Some of our former colleagues will raise the “moral hazard” issue in the context of arguing that the government should not “bail out” more leveraged companies. But there is moral hazard in not providing assistance to these companies—namely, that government creates in corporate America an implied expectation that Main Street companies retain a “coronavirus capital” buffer on their balance sheets in preparation for the next pandemic’s financial fallout. Consider the foregone investment in innovation, expansion, and hiring that would occur if businesses sidelined huge amounts of cash in good economic conditions just to be able to weather the next downturn. The answer to the moral hazard question is probably somewhere in between; we just went through this exercise over the last 10 years with the banking system. But it is a debate that should be had once our nation comes out of this crisis, not now. Besides, any help these companies may receive is to help survive necessary, government-ordered shut-downs to prevent the spread of disease, not to patch over imprudent risk-taking.
Math aside, behind every closed store and shuttered business there are human stories: workers who will lose their jobs, public workers whose pensions will be risked, family companies that will see their invested life savings wiped out. Every senator and member of Congress is hearing from these constituencies hourly. We have heard from many members of Congress who are not in the weeds on the Federal Reserve’s mathematical models that they do not know what to do to help their constituents. The handful of Federal Reserve and Treasury officials who are busy around the clock writing these programs to get money out the door as fast as possible do not have time for phone calls from 500 elected officials.
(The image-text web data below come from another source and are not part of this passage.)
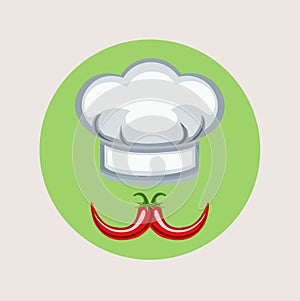 Chef hat with pepper mustache flat design vector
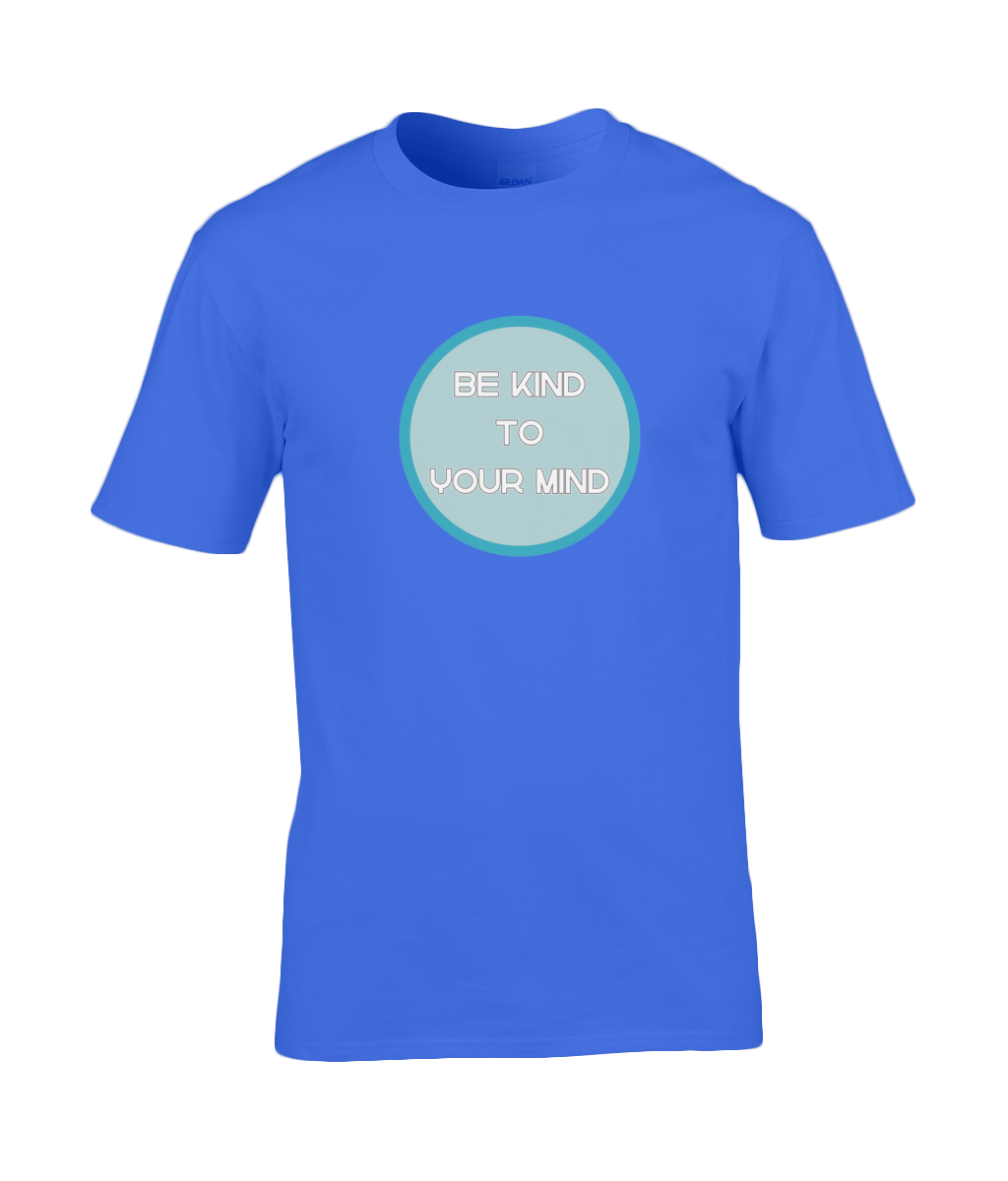 A photo of a bright blue mens t-shirt with a round Be Kind to Your Mind design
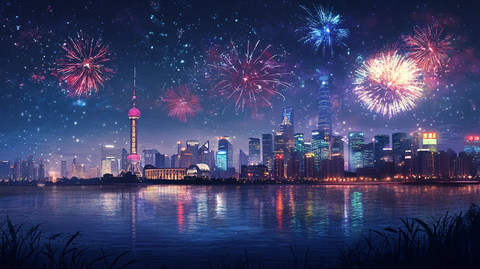 烟花映照城市夜空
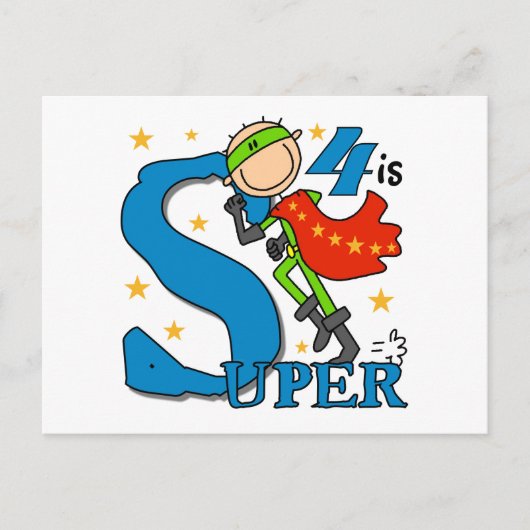 Carte Postale Superhero Boy 4th Birthday Tshirts et cadeaux (Devant)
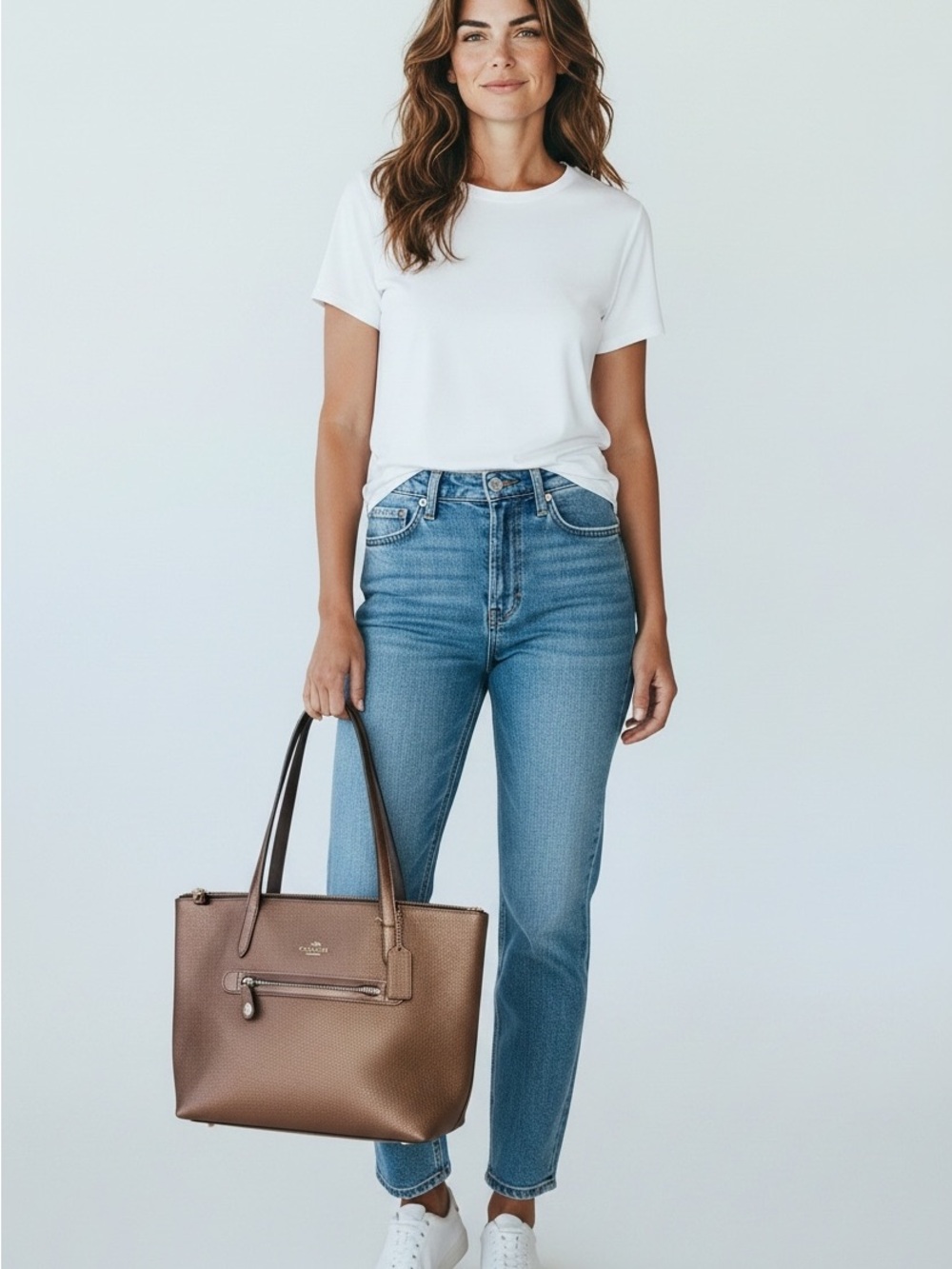 Coach Taylor Metallic Bronze Pebbled Leather Tote Shoulder Bag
One way members could help is to develop bipartisan consensus that all businesses should be assisted, coalesce around whether and when additional appropriations will be forthcoming, and to communicate these intentions publicly to the Federal Reserve, Treasury, and corporate America.
It is also critically important that Congress and the Federal Reserve address the Federal Reserve Act’s prohibition on Federal Reserve lending to an “insolvent” entity, which is defined, in part, as a business that is generally not paying its debts as they become due. Many businesses are skipping April rent and mortgage and are stretching trade credit lines, which may make them ineligible for corporate loans from one or more Federal Reserve lending facilities capitalized with the $454 billion CARES Act money. Every option should be on the table.
The stakes have not been this high since the years following the Great Depression. Then, Congress’s choice was to go big and bold. The New Deal provided stimulus to the economy at a time when it was needed; people reasonably debate the efficiency of those programs as enduring institutions. Whether Main Street America’s businesses make it through the COVID-19 recession will turn on whether bipartisan leadership in Congress, working with the Treasury and Federal Reserve, can solve the credit box conundrum.